Re: [PATCH] xen: speed up grant-table reclaim

From: Juergen Gross <jgross@suse.com>
To: Demi Marie Obenour <demi@invisiblethingslab.com>,
	Stefano Stabellini <sstabellini@kernel.org>,
	Oleksandr Tyshchenko <oleksandr_tyshchenko@epam.com>,
	Jan Beulich <JBeulich@suse.com>,
	Konrad Rzeszutek Wilk <konrad.wilk@oracle.com>
Cc: Xen developer discussion <xen-devel@lists.xenproject.org>,
	Linux Kernel Mailing List <linux-kernel@vger.kernel.org>,
	stable@vger.kernel.org
Subject: Re: [PATCH] xen: speed up grant-table reclaim
Date: Mon, 12 Jun 2023 08:27:59 +0200	[thread overview]
Message-ID: <85275900-6b6a-5391-a2a0-16704df3f00f@suse.com> (raw)
In-Reply-To: <20230610153232.1859-1-demi@invisiblethingslab.com>

[-- Attachment #1.1.1: Type: text/plain, Size: 7914 bytes --]

On 10.06.23 17:32, Demi Marie Obenour wrote:
> When a grant entry is still in use by the remote domain, Linux must put
> it on a deferred list.

This lacks quite some context.

The main problem is related to the grant not having been unmapped after
the end of a request, but the side granting the access is assuming this
should be the case.

In general this means that the two sides implementing the protocol don't
agree how it should work, or that the protocol itself has a flaw.

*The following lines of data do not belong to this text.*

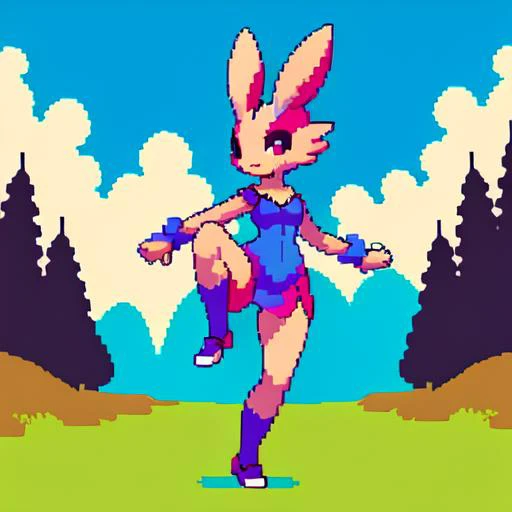 lopunny, furry, :3, rabbit ears, <lora:lopunnyPokemon_v1:1>, Beautiful Art Style, 1girl, young woman, looking at viewer, splashy, mountain, leg lift, witch costume, pixel,  <lora:mPixel_v10:0.5>,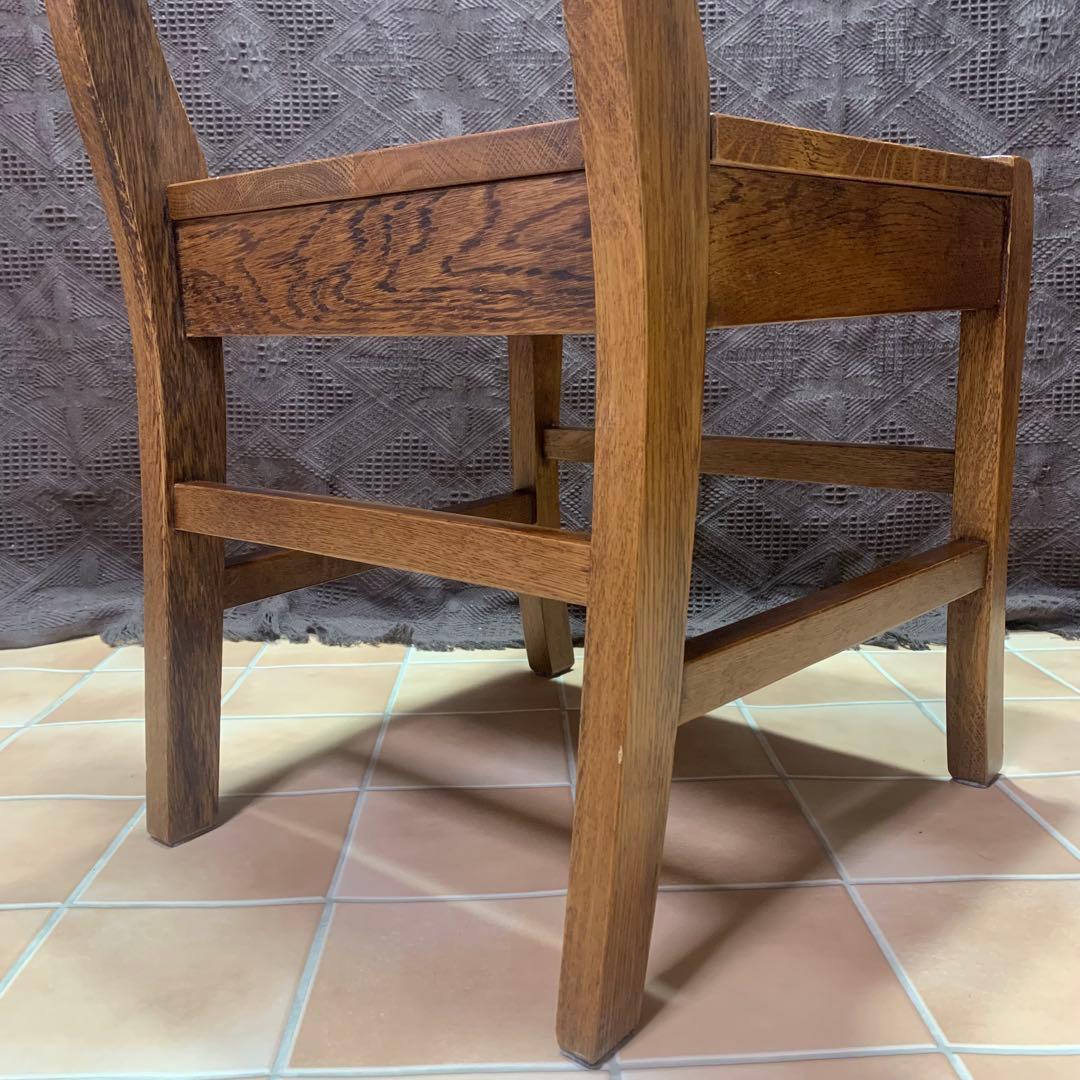 【①】ラダーバックチェア ヴィンテージ オーク材 無垢材 民芸家具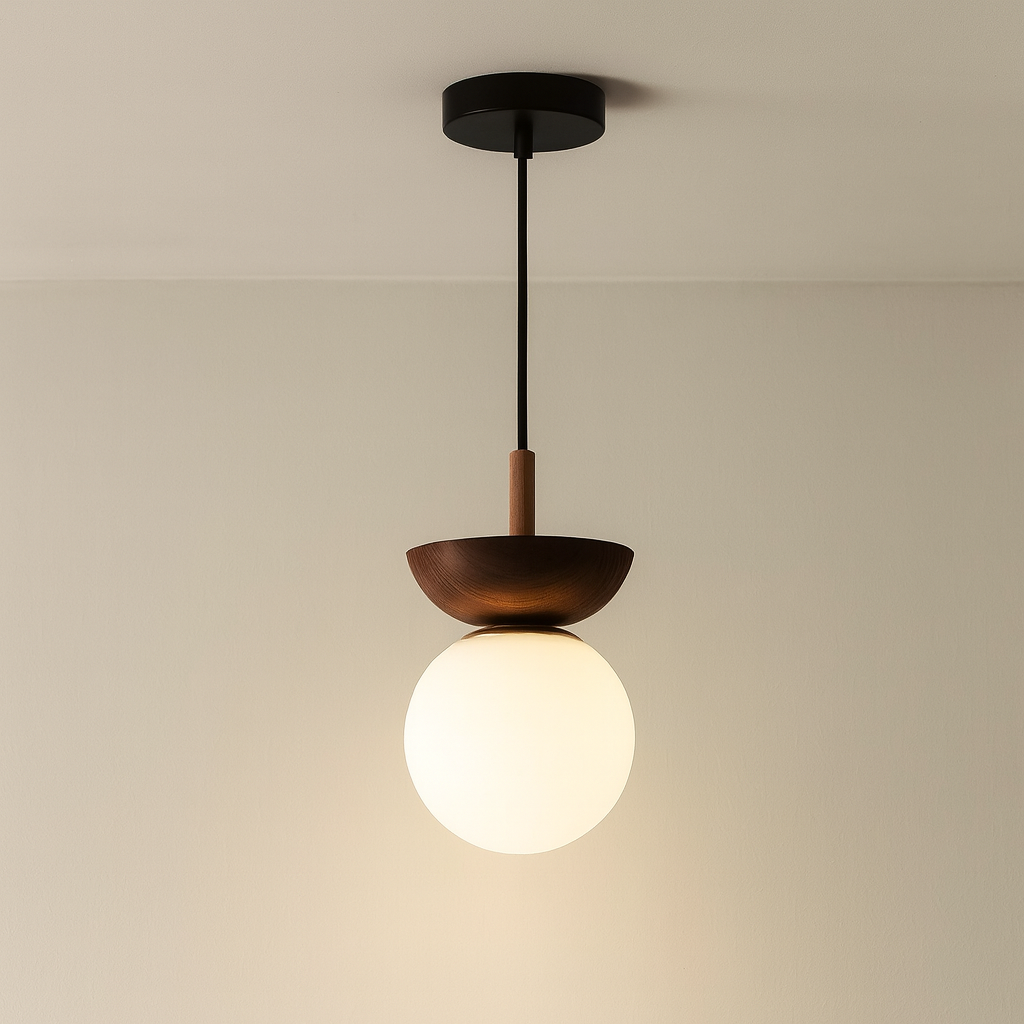 Lampe Suspendue Japonaise Réglable en Verre et Métal pour Salle à Manger - Lumière Chaude et Élégante, Hauteur Ajustable jusqu'à 150 cm 0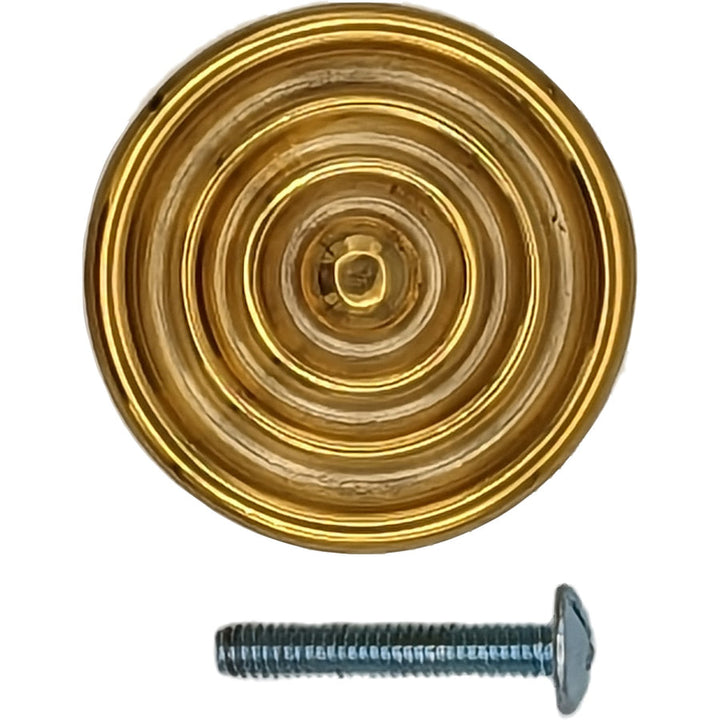 1 3/8 Inch Solid Brass Circle Knob (Polished Brass Finish) COPPER MOUNTAIN HARDWARE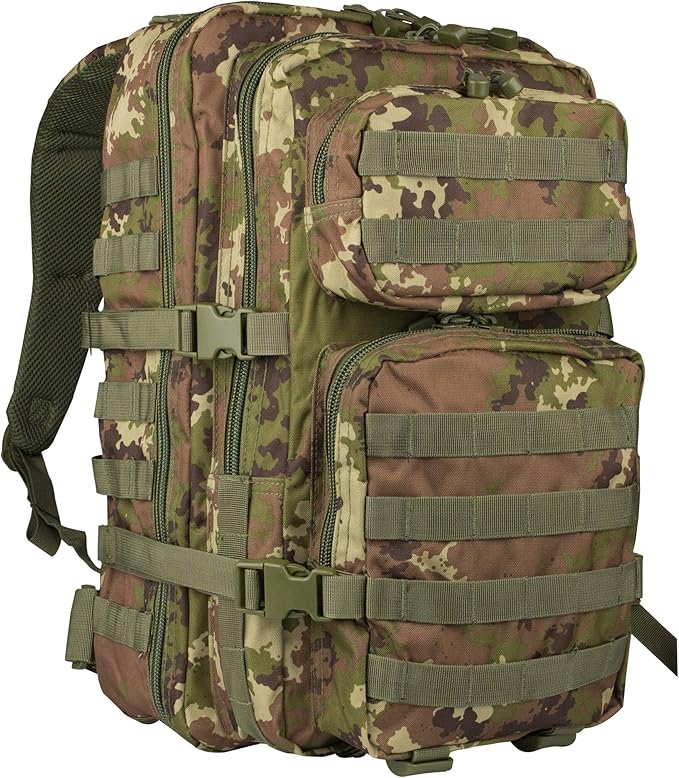 Mil-Tec Unisex Assault Pack - Rugged Durable Lightweight Ergonomic Versatile Tactical Outdoor Camping Hiking Backpack with Adjustable Padded Shoulder Straps &amp MOLLE Loops Vegetato Woodland Camo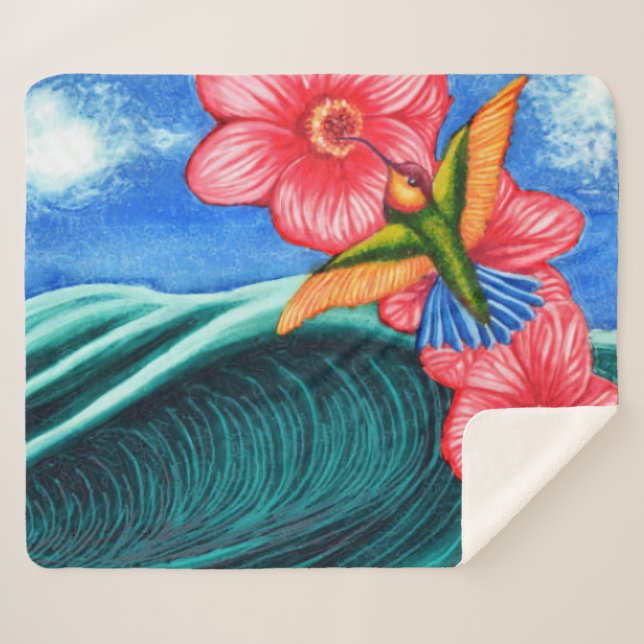 Cobertor Sherpa Beija-flor Oceano (Frente (Horizontal))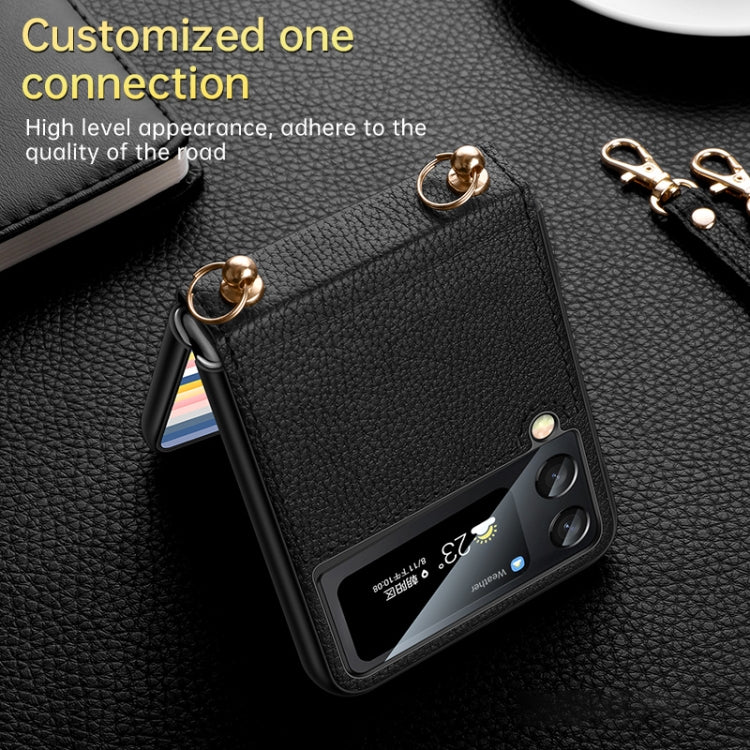 For Samsung Galaxy Z Flip4 SULADA Litchi Texture Leather + TPU Phone Case with Strap(Red) - free shipping - PMC TechLife - Order now!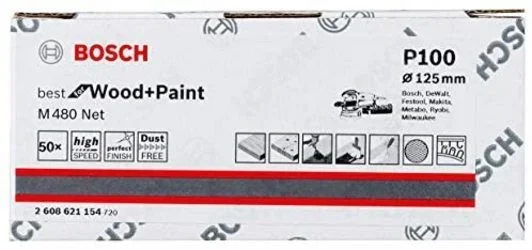 Bosch Professional Juego de 5 hojas de lijado M480 Ideal para madera y pintura (Ø 150 mm, grano P80, accesorios para lijadora de órbita aleatoria)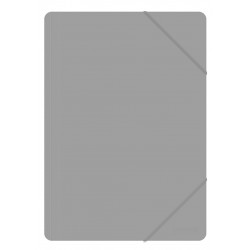 Teczka z gumką OFFICE PRODUCTS, A4, PP, 500mikr., 3-skrz., szara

 > Normally, this list is very short, because
> the PV network and block protocols expect the backend to unmap the grant
> first.

Normally the list is just empty. Only in very rare cases like premature
PV frontend module unloading it is expected to see cases of deferred
grant reclaims.

> However, Qubes OS's GUI protocol is subject to the constraints
> of the X Window System, and as such winds up with the frontend unmapping
> the window first.  As a result, the list can grow very large, resulting
> in a massive memory leak and eventual VM freeze.

I do understand that it is difficult to change the protocol and/or
behavior after the fact, or that performance considerations are in the
way of doing so.

> To partially solve this problem, make the number of entries that the VM
> will attempt to free at each iteration tunable.  The default is still
> 10, but it can be overridden at compile-time (via Kconfig), boot-time
> (via a kernel command-line option), or runtime (via sysfs).

Is there really a need to have another Kconfig option for this? AFAICS
only QubesOS is affected by the problem you are trying to solve. I don't
see why you can't use the command-line option or sysfs node to set the
higher reclaim batch size.

> 
> Fixes: 569ca5b3f94c ("xen/gnttab: add deferred freeing logic")

I don't think this "Fixes:" tag is appropriate. The mentioned commit didn't
have a bug. You are adding new functionality on top of it.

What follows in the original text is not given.